### WORK INSTRUCTION
After locating the line with "She Behind I" below, output it and each following line exactly, stopping after the line with "Keep calm and". No pictures.

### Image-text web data
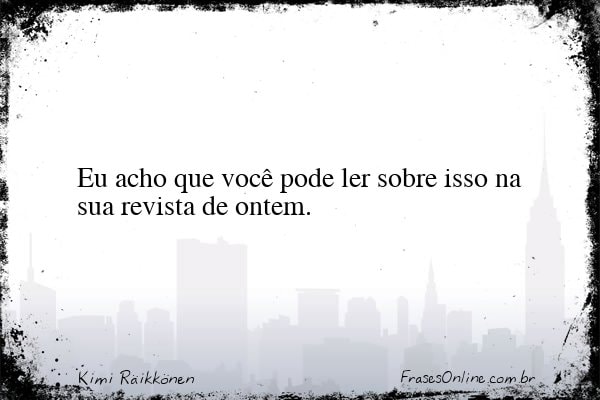 Frase de Kimi Räikkönen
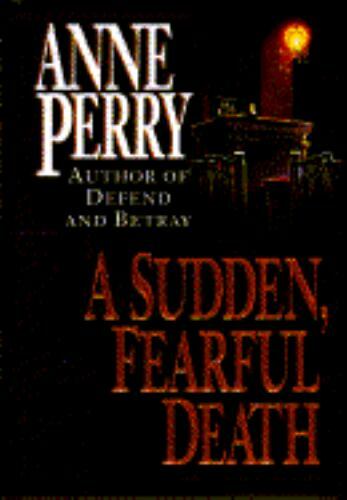 A Sudden, Fearful Death – 044990637X, Anne Perry, hardcover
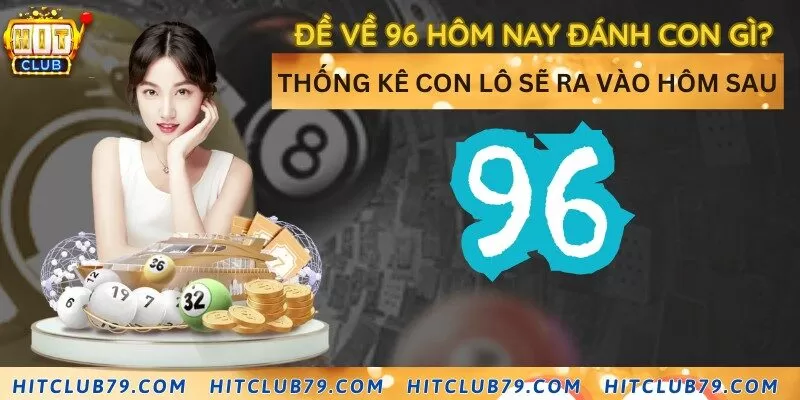 Đề về 96 hôm nay đánh con gì? Thống kê con lô sẽ ra vào hôm sau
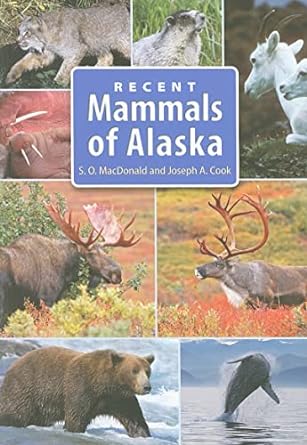 recent mammals of alaska 1st edition joseph a cook ,stephen o macdonald 1602230722, 978-1602230729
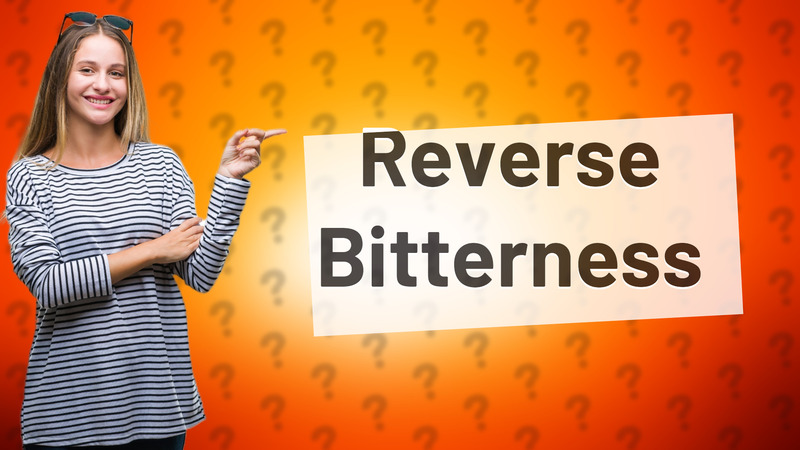 Reverse Bitterness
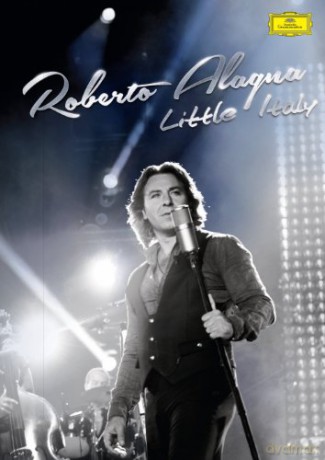 Roberto Alagna: Little Italy [DVD]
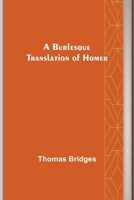 A Burlesque Translation of Homer 9356153078 Book Cover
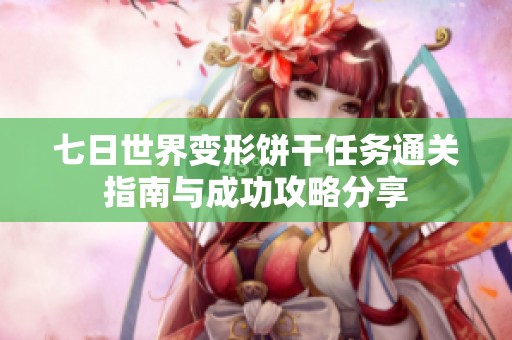 七日世界变形饼干任务通关指南与成功攻略分享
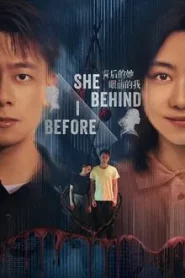 She Behind I Before (2024) ล้วงปมข้ามมิติ EP.1-18 ซับไทย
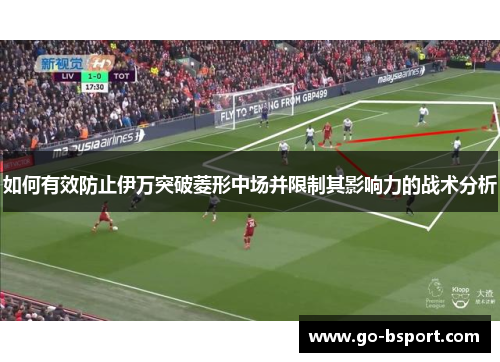 如何有效防止伊万突破菱形中场并限制其影响力的战术分析 如何有效防止伊万突破菱形中场并限制其影响力的战术分析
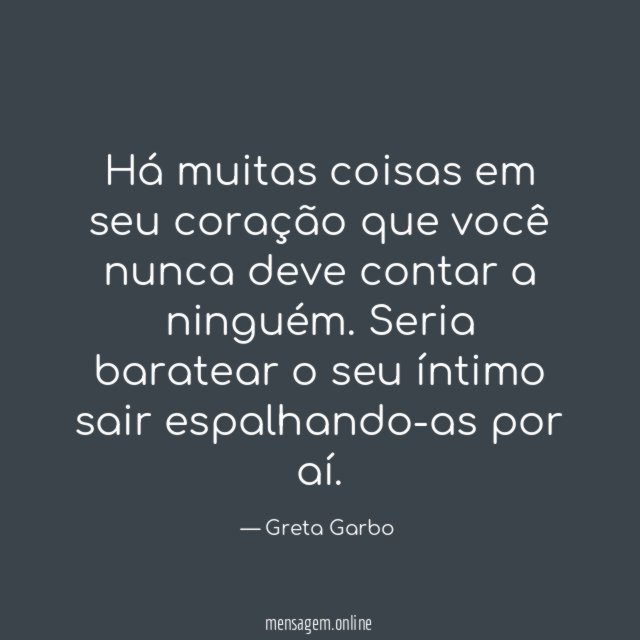 Há muitas coisas em seu coração que você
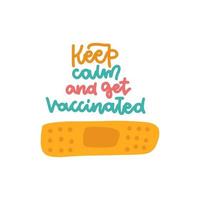 Keep calm and get vaccinated - motivational lettering quote with hand drawn patch. Good for T shirt print, poster, card, label. Flat hand drawn vector illustration.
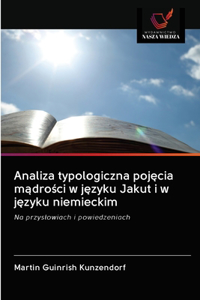 Analiza typologiczna pojęcia mądrości w języku Jakut i w języku niemieckim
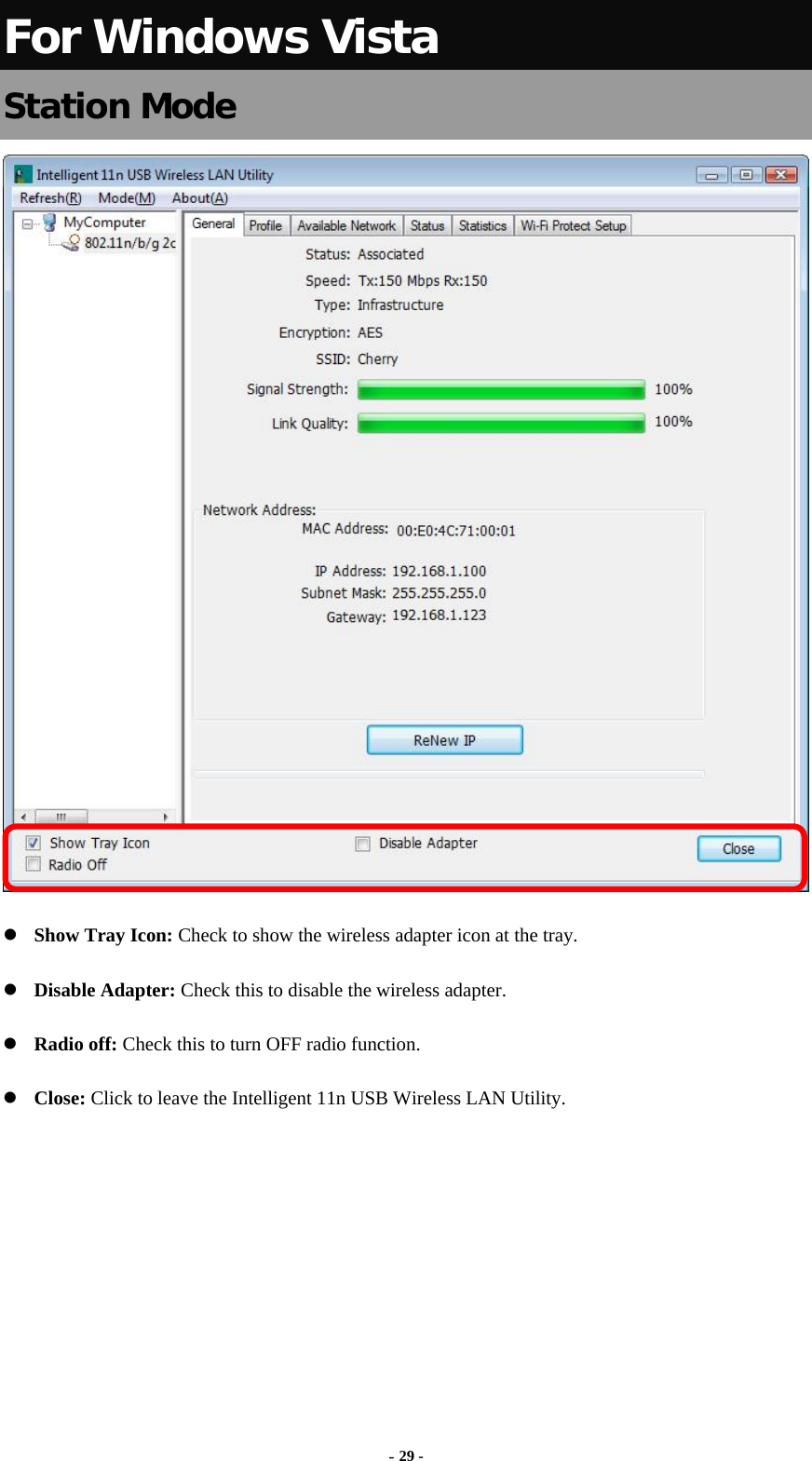  - 29 - For Windows Vista Station Mode   Show Tray Icon: Check to show the wireless adapter icon at the tray.  Disable Adapter: Check this to disable the wireless adapter.  Radio off: Check this to turn OFF radio function.  Close: Click to leave the Intelligent 11n USB Wireless LAN Utility.       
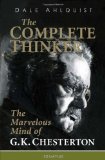 The Complete Thinker: The Marvelous Mind of G. K. Chesterton cover art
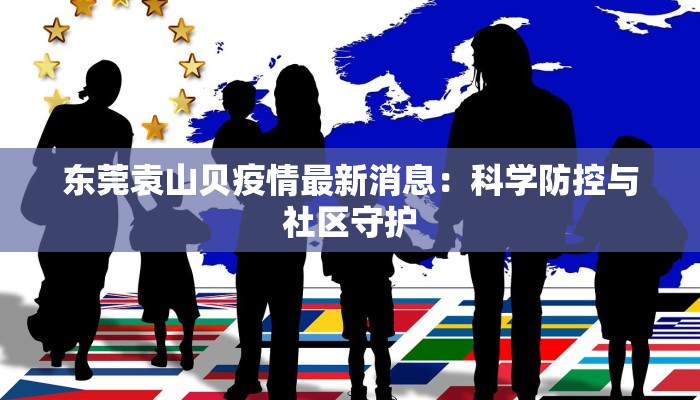 东莞袁山贝疫情最新消息：科学防控与社区守护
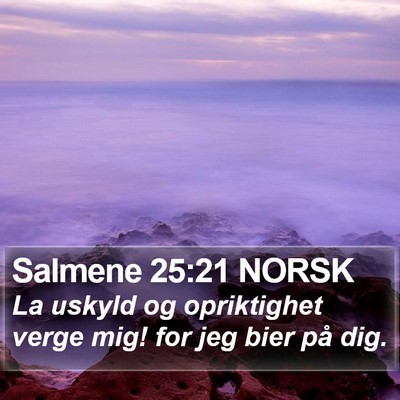 Salmene 25:21 NORSK Bible Verse Image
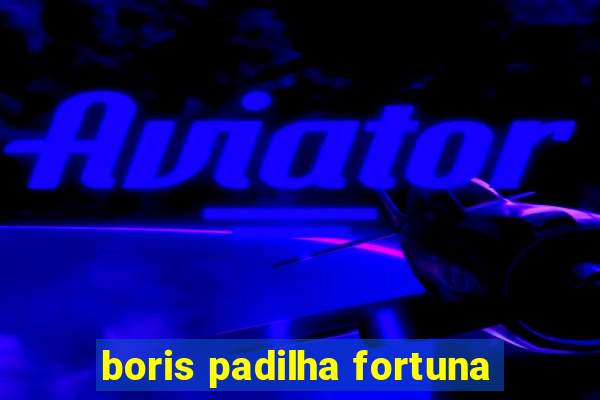 boris padilha fortuna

### SOLUTION TO THIS TASK
 She Behind I Before (2024) ล้วงปมข้ามมิติ EP.1-18 ซับไทย
 如何有效防止伊万突破菱形中场并限制其影响力的战术分析 如何有效防止伊万突破菱形中场并限制其影响力的战术分析
 Há muitas coisas em seu coração que você
 Keep calm and get vaccinated - motivational lettering quote with hand drawn patch. Good for T shirt print, poster, card, label. Flat hand drawn vector illustration.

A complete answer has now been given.